Isu keamanan Laut China Selatan yang dibicarakan Menlu Amerika Serikat Mike Pompeo dalam pertemuan dengan Menlu RI Retno LP Marsudi dan Presiden Joko Widodo. Dalam pembicaraan tersebut harus dimanfaatkan untuk menuntaskan penggunaan nama Laut Natuna Utara sekitar Pulau Natuna.
Dosen politik Asia Timur UIN Syarif Hidayatullah Jakarta, Teguh Santosa menyarankan Presiden Jokowi untuk mengawal penuntasan pemberian nama Laut Natuna Utara di International Hydrographic Organization (IHO).
“Sejauh ini, satu-satunya negara di muka bumi yang keberatan dengan penggunaan nama Laut Natuna Utara itu adalah Republik Rakyat China yang dikuasai Partai Komunis China,” ujar dalam perbincangan di Jakarta, Jumat (30/10).
Patut diduga, ujar Teguh Santosa, China selama ini mendapatkan keuntungan historis, psikologis dan ekonomis atas penggunaan nama Laut China Selatan hingga ke perairan Indonesia di sekitar Bangka Belitung.
Keuntungan historis, psikologis dan ekonomis itu pada gilirannya dimanfaatkan China untuk semakin menancapkan hegemoni dan pengaruh di kawasan.
“Walaupun ikut menandatangani UNCLOS 1982, namun China secara serampangan kerap memasuki perairan negara-negara ASEAN di kawasan itu juga ZEE Indonesia. Mereka selalu mengatakan perairan ini adalah wilayah perikanan tradisional China sejak ratusan tahun lalu,” ujar Teguh Santosa.
“Seakan China ingin memutar jarum sejarah kembali ke zaman Kublai Khan.

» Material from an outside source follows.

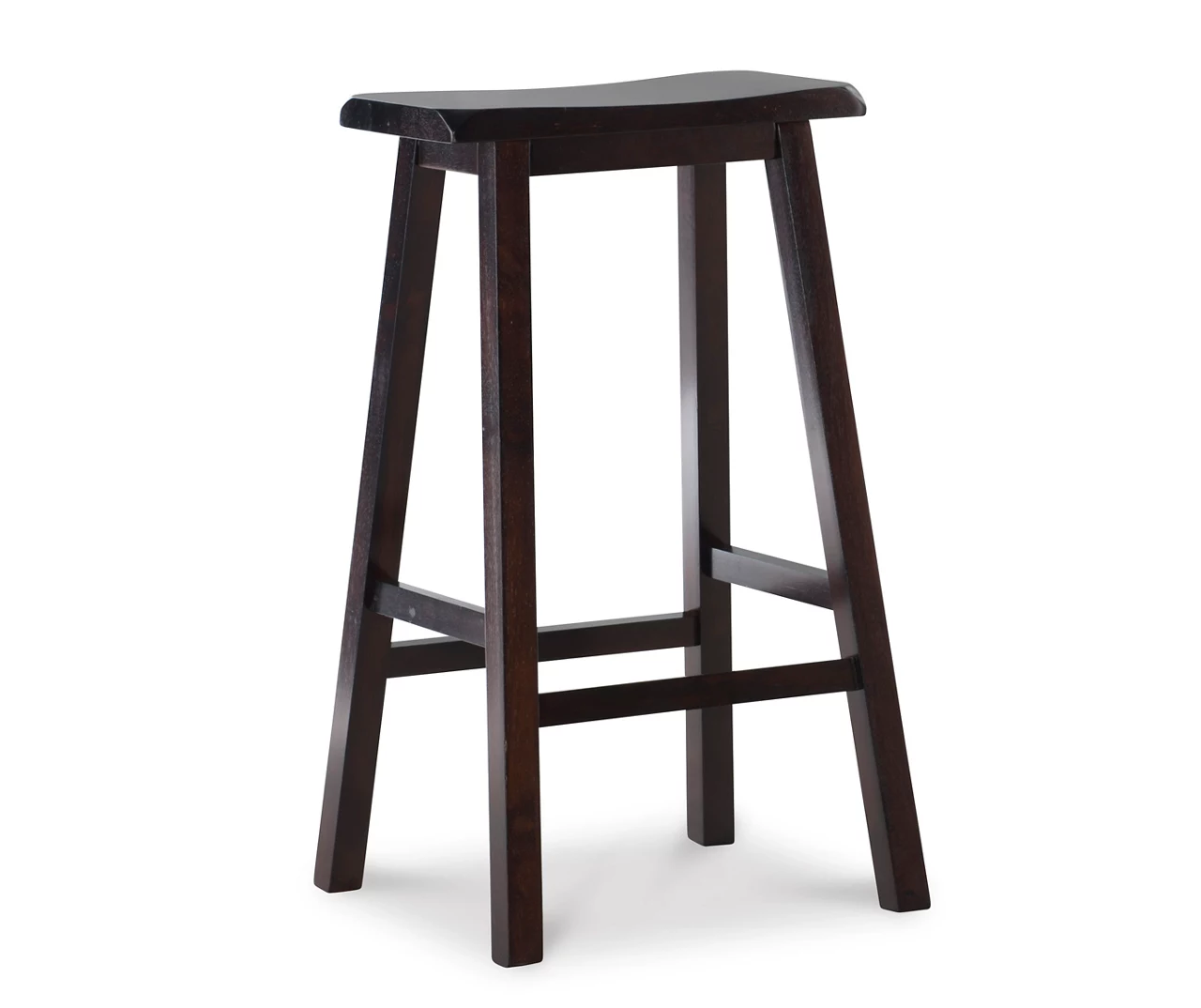 Maury 29" Dark Brown Wooden Saddle Stool 3 Maury 29" Dark Brown Wooden Saddle Stool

Yang pernah mengirimkan bala tentaranya untuk menaklukkan Raja Jawa yang menolak tunduk pada Dinasti Yuan,” sambungnya.
Menurut Teguh, penamaan Laut Natuna Utara itu adalah agenda nasional untuk menambah kepastian hukum internasional di perairan.
IHO adalah badan internasional yang memastikan semua perairan di muka bumi terdaftar. Didirikan tahun 1921, kantor pusat IHO berada di Monako, dan hingga kini beranggotakan 93 negara, termasuk Indonesia dan China.
“Publik perlu mendapatkan informasi sudah sejauh mana proses ini bergulir di IHO. Jangan sampai publik menganggap pemerintah membatalkan penggunaan nama Laut Natuna Utara karena takut pada tekanan China komunis,” ungkapTeguh Santosa.